= Beginning of Section =

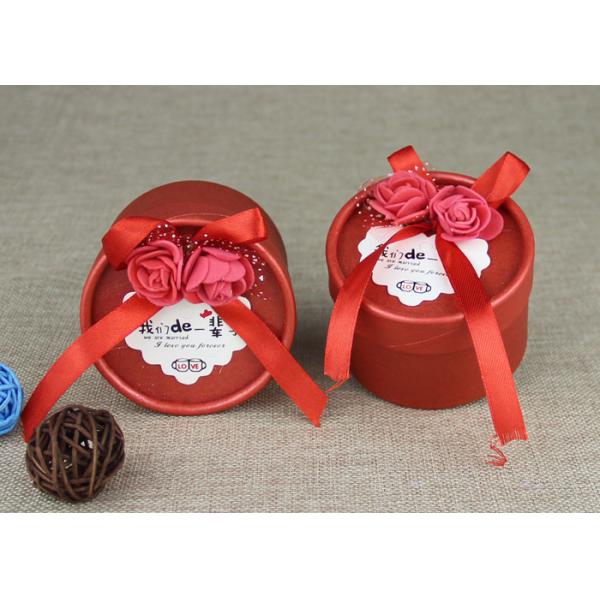 Tubo de cartulina que empaqueta la caja linda del caramelo de la boda de papel con la cinta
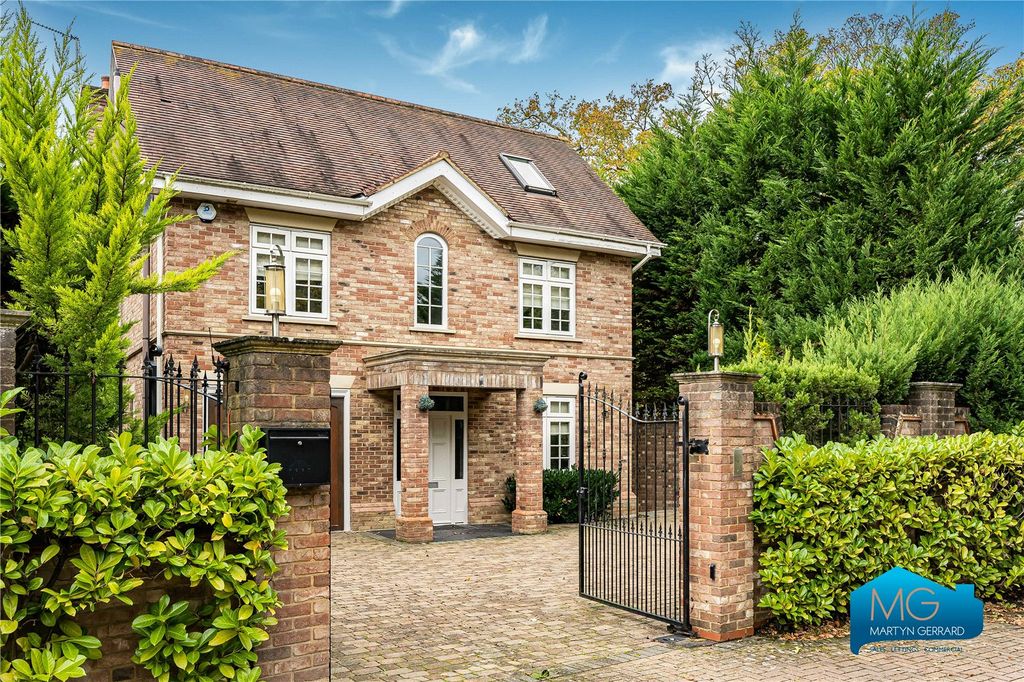 Property photo 1 of 49 Picture No. 73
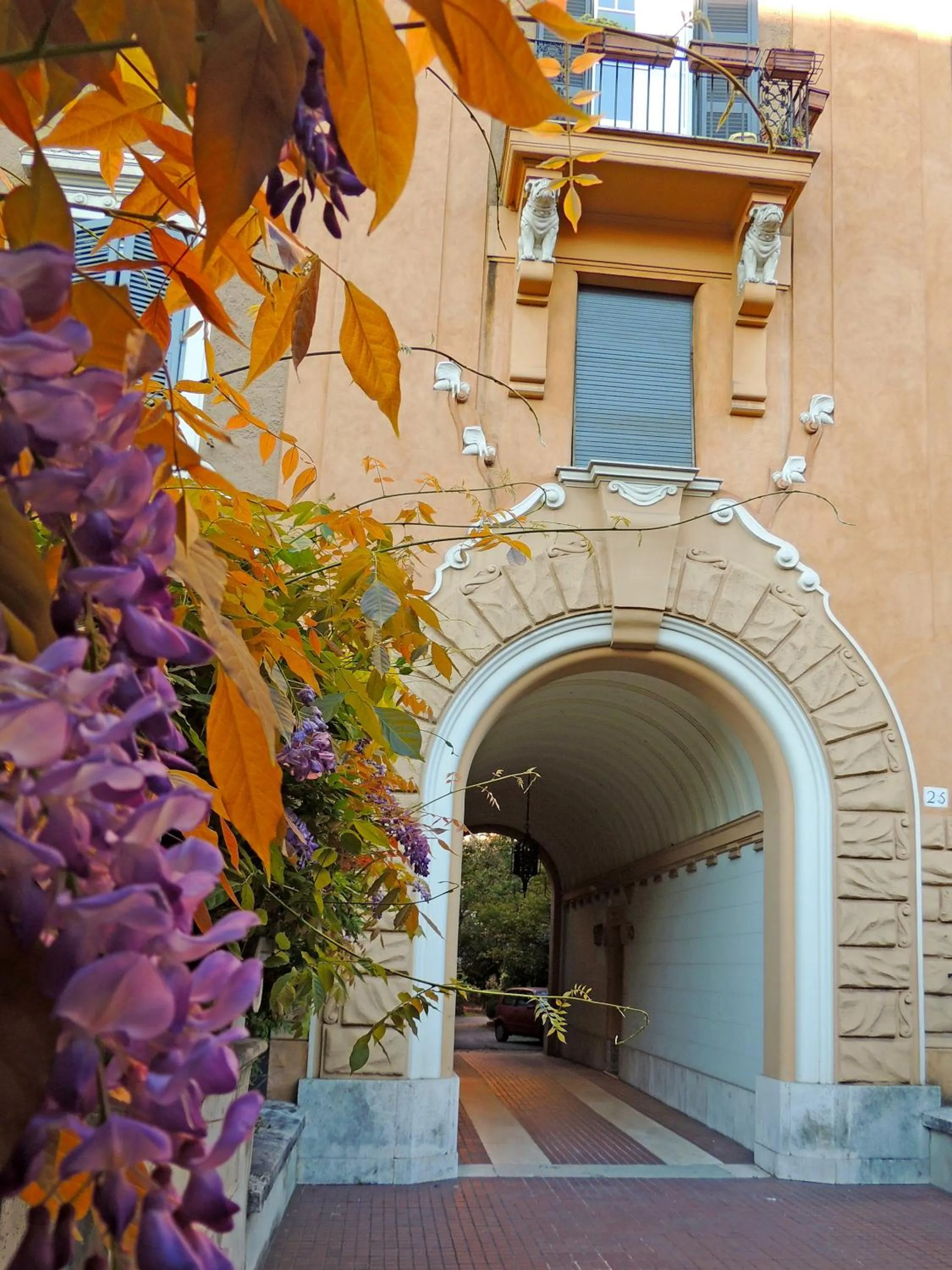 Entertainment in Palma Residences In Rome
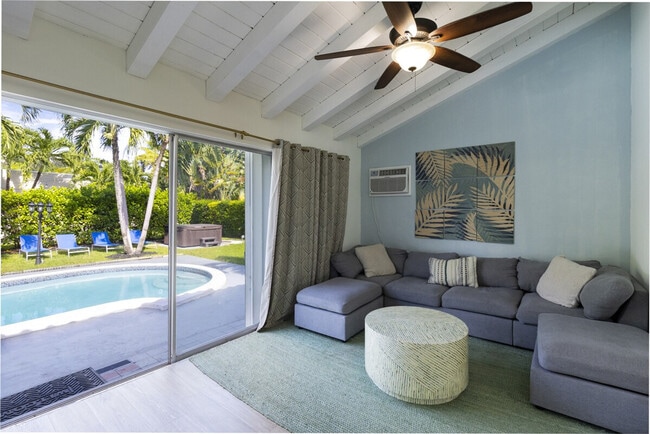 Building Photo - 437 NE 107th St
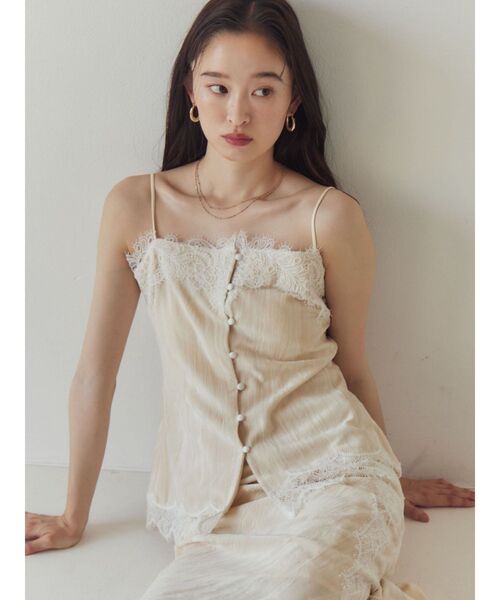 LAGUNAMOON（ラグナムーン）の「レーストリミングベロアキャミソール 【セットアップ対応】（Tシャツ/カットソー・レディース・ブラック/マスタード/アイボリー/モカ・FREE）」の7枚目の写真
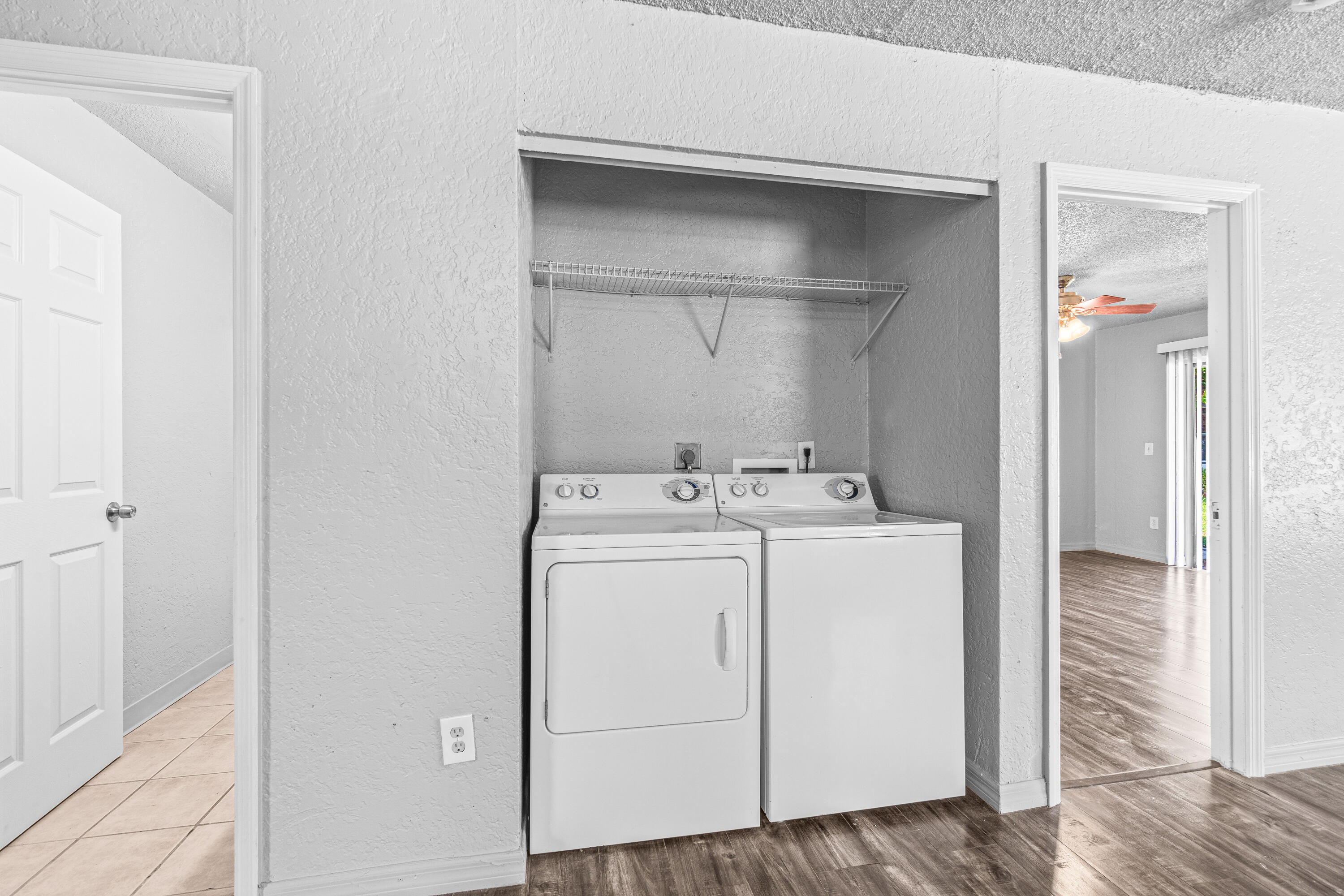 1661 West 27th Street, Unit A & B Riviera Beach, FL 33404 - Photo 10 of 19 laundry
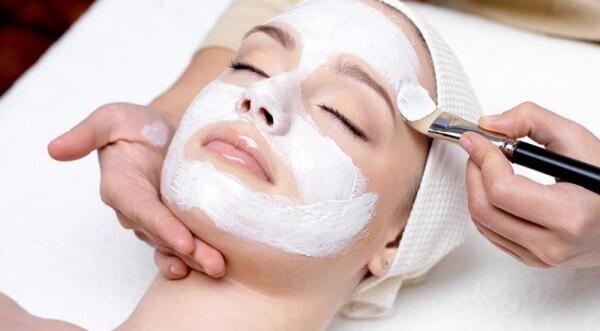 5 Tips Hilangkan Area Hitam di Hidung Buat Kamu yang Berkacamata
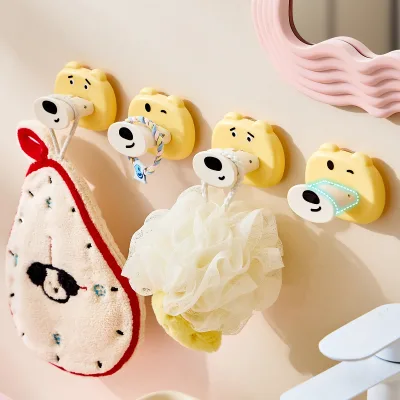 Bears Shape Suction Cup Hook Wall Mounted Self Adhesive Heavy Duty Novelty Hooks for Bathroom Kitchen Door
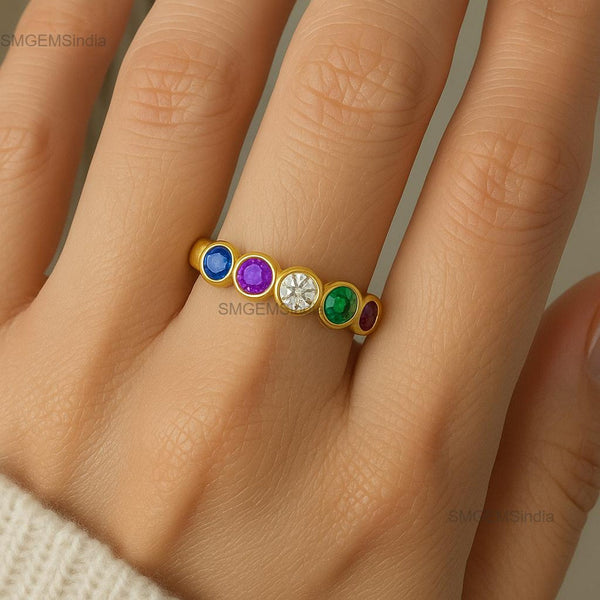 Doppelter Smaragd-Ring in offenem Design aus 14 Karat Gold – Band mit quadratisch und rund geschliffenen grünen Edelsteinen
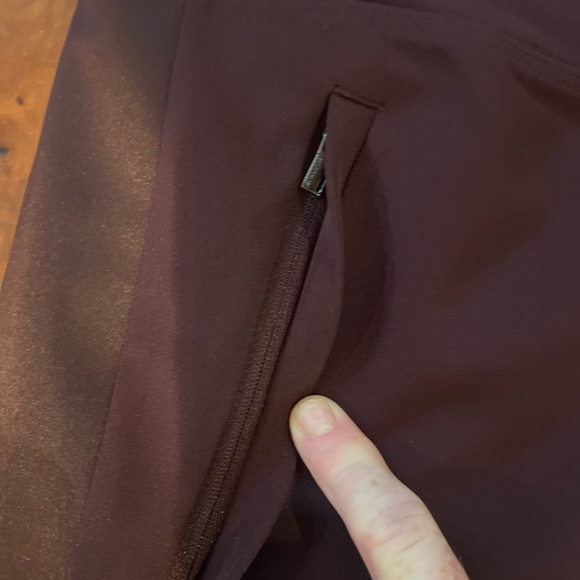 Athleta NWT Trousers Ladies Sze 12 Burgundy w/Satin Stripe Down Side LW Stretch - Picture 6 of 8
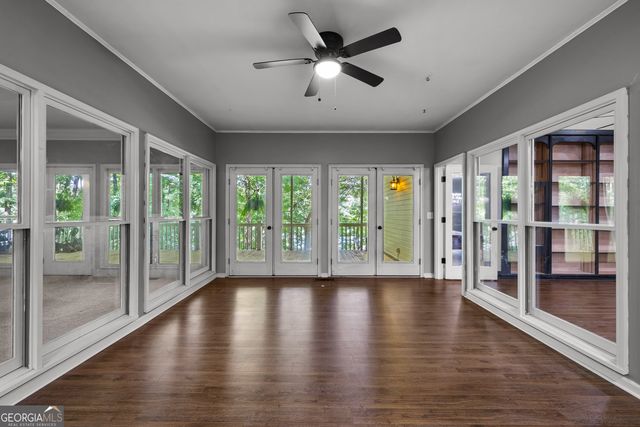 280 Waters Edge Lane, Newnan, GA 30263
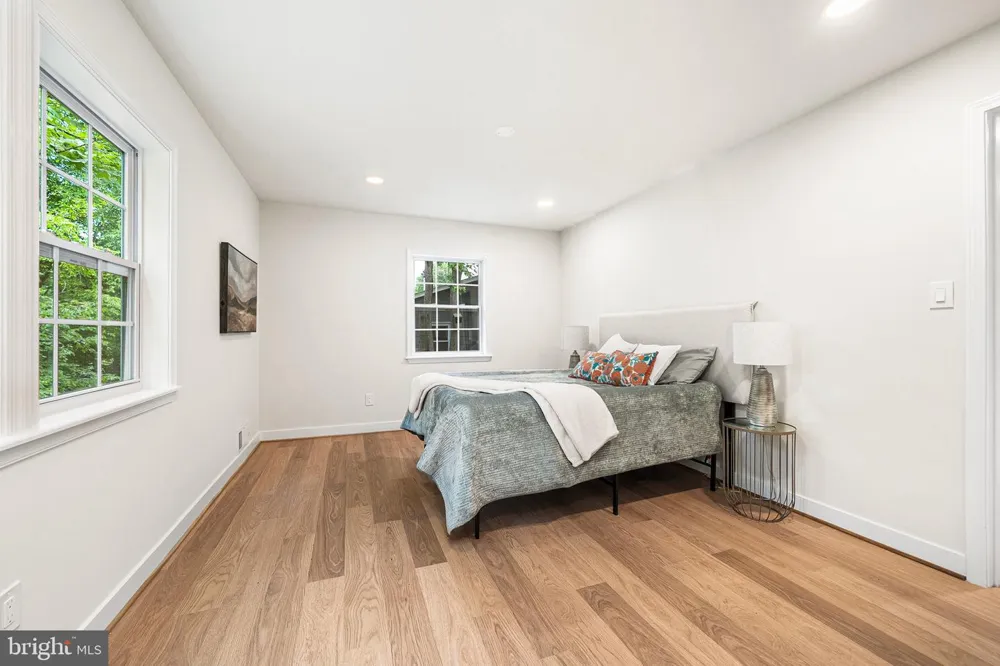 2308 WILLIAM AND MARY DRIVE Alexandria, VA 22308
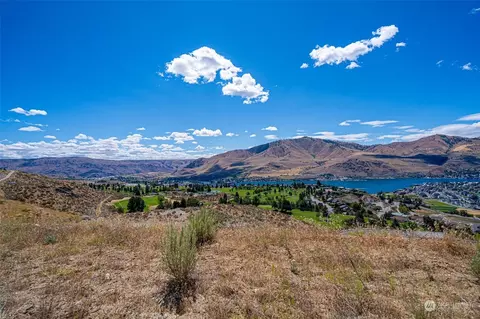 921 Long Dr, Chelan, WA 98816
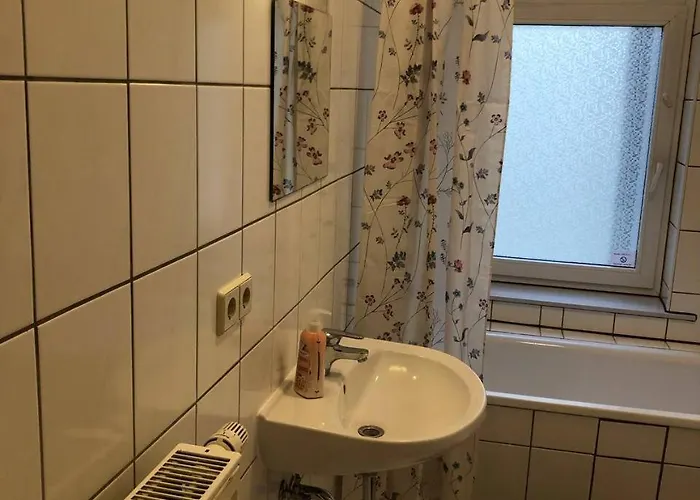 Monteurwohnung In Neuschoenefeld アパート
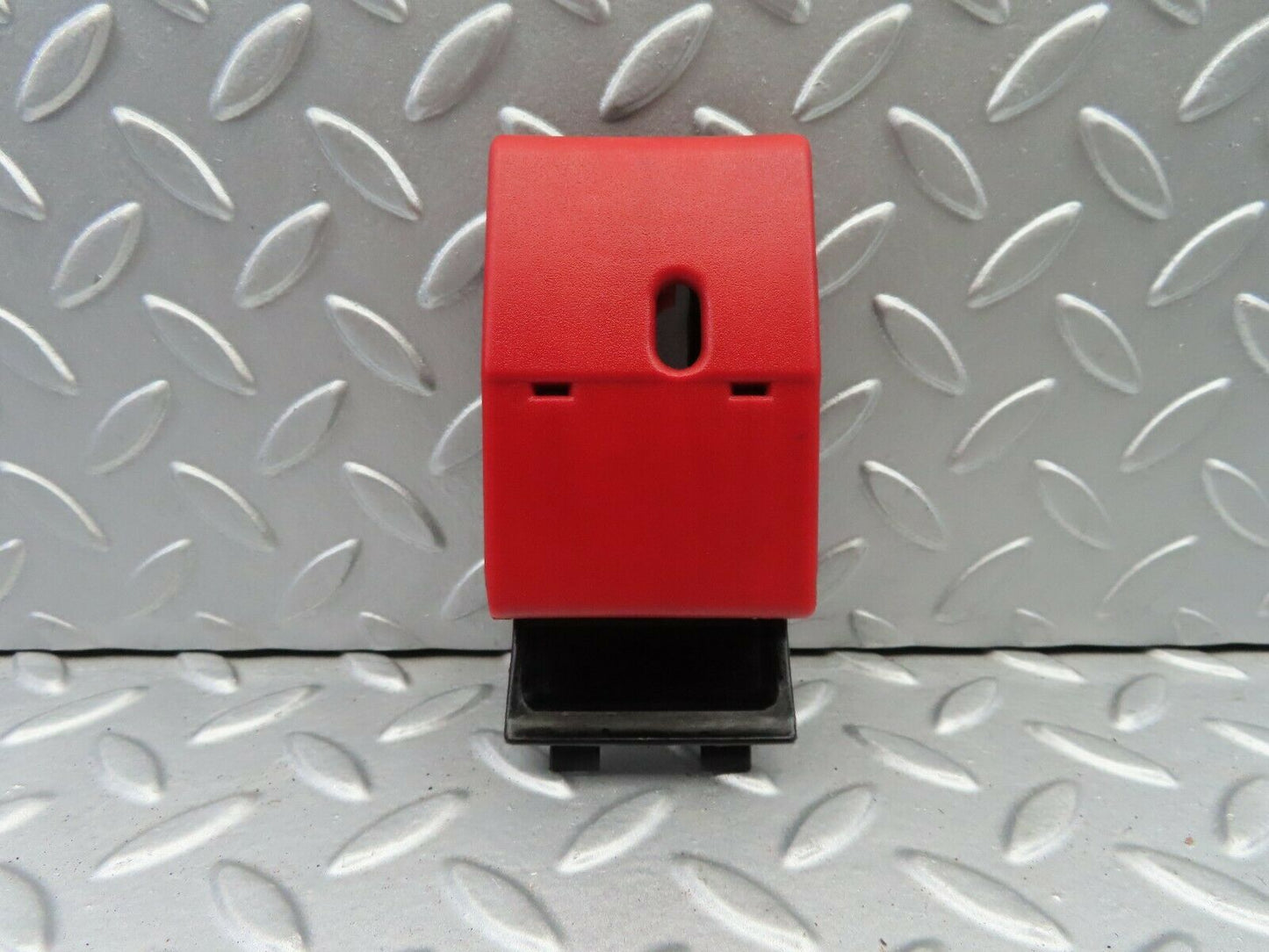6674 Mercedes-Benz S124 E220 Wagon Bonnet Release Handle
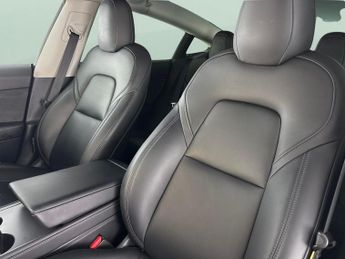 Tesla Model 3 (Dual Motor) Long Range 4WDE (346 ps) - PARK ASSIST - LED - REVE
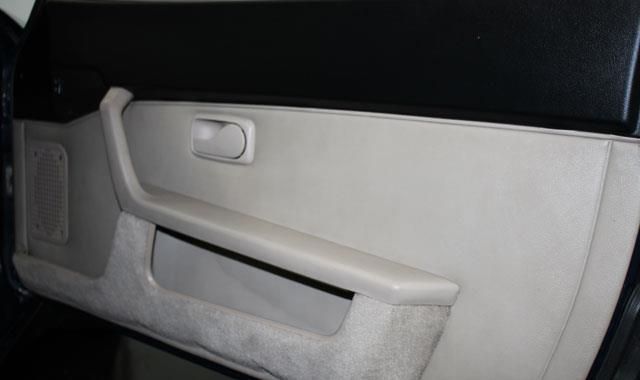 1985 Porsche 944 Base Trim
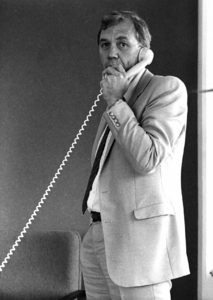 153316 Afbeelding van een bellende beambte van de spoorwegpolitie (in burger).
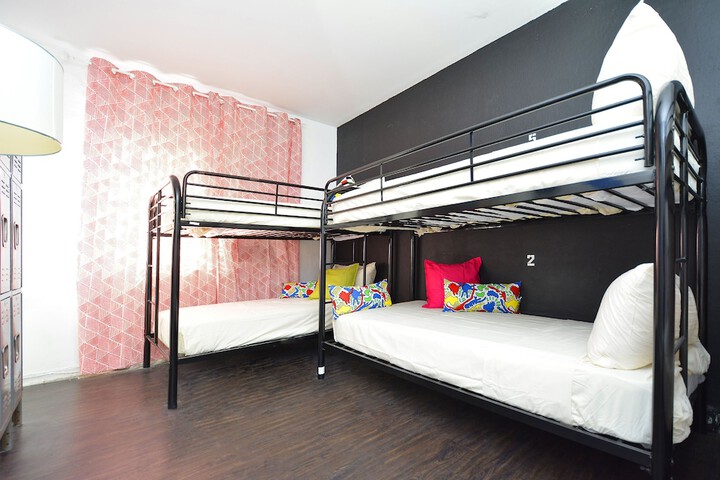 Room 10 of 33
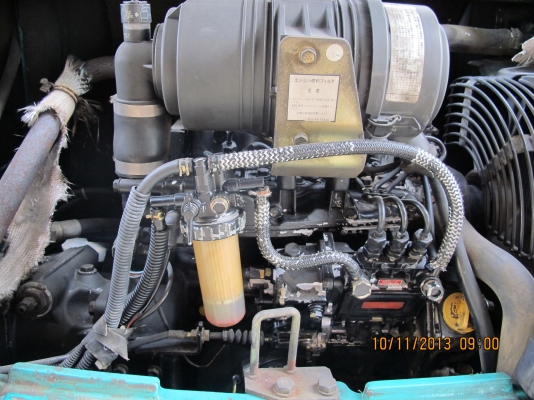 KOMATSU 25R-8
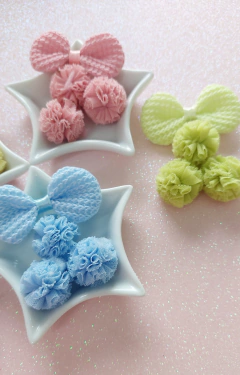Lacinhos fofo de Tricô Grande com pompons de tule na internet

= End of Section =

Write the lines out exactly, beginning at the line that holds "Doppelter Smaragd-Ring in" and stopping after the last line of the entries; include no pictures.

FINISHED EXERCISE:
 Doppelter Smaragd-Ring in offenem Design aus 14 Karat Gold – Band mit quadratisch und rund geschliffenen grünen Edelsteinen
 Athleta NWT Trousers Ladies Sze 12 Burgundy w/Satin Stripe Down Side LW Stretch - Picture 6 of 8
 280 Waters Edge Lane, Newnan, GA 30263
 2308 WILLIAM AND MARY DRIVE Alexandria, VA 22308
 921 Long Dr, Chelan, WA 98816
 Monteurwohnung In Neuschoenefeld アパート
6674 Mercedes-Benz S124 E220 Wagon Bonnet Release Handle
 Tesla Model 3 (Dual Motor) Long Range 4WDE (346 ps) - PARK ASSIST - LED - REVE
 1985 Porsche 944 Base Trim
 153316 Afbeelding van een bellende beambte van de spoorwegpolitie (in burger).
 Room 10 of 33
 KOMATSU 25R-8
Lacinhos fofo de Tricô Grande com pompons de tule na internet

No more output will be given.